In a sharp rebuke to a lower court’s earlier decision, the U.S. Court of Appeals for the D.C. Circuit hit pause on the reinstatement of Susan Tsui Grundmann, a Biden-era appointee who had been fired by Trump earlier this year. The three-judge panel, notably all Trump appointees, found that laws protecting FLRA members from at-will dismissal may unlawfully restrict a president’s executive authority.
Grundmann, a veteran labor lawyer and former chair of the Merit Systems Protection Board, had barely warmed her seat before the Trump administration showed her the door. A federal judge in Washington, however, ruled in March that Trump had overstepped, ordering her back to work and citing statutory protections that say FLRA members can only be fired for “inefficiency, neglect of duty, or malfeasance.”
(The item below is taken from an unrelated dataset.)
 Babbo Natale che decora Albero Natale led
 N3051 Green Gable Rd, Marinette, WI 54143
But Thursday’s appeals court decision yanked that rug out—for now. The judges made clear that the underlying question—whether presidents can unilaterally sack members of independent agencies—is far from settled, and the next word could come from the U.S. Supreme Court.
The FLRA isn’t just any agency. It referees the fraught labor disputes between federal agencies and unionized employees—nearly 30% of the federal workforce. And its decisions can reshape everything from collective bargaining rules to union protection in mass layoff situations. Without Grundmann, the board sits at a partisan stalemate: one Republican, one Democrat, and no tie-breaker.
Trump, no stranger to testing the limits of executive power, has already removed multiple Democrats from federal commissions. Each ousting has been followed by legal pushback, turning these firings into constitutional battlegrounds. At stake is a bigger, unresolved fight: Can Congress shield independent agency officials from the whims of the president, or does the Constitution grant the Oval Office the final word?
Another appeals panel in D.C. is expected to rule soon on Trump’s dismissal of other labor board members, decisions that could set the tone for how much control future presidents wield over multi-member agencies—think the Federal Reserve, FTC, and beyond.
As for Grundmann, she’s in legal limbo. Her case—wrapped in constitutional questions, political undercurrents, and executive branch boundaries—is likely heading for a much bigger stage.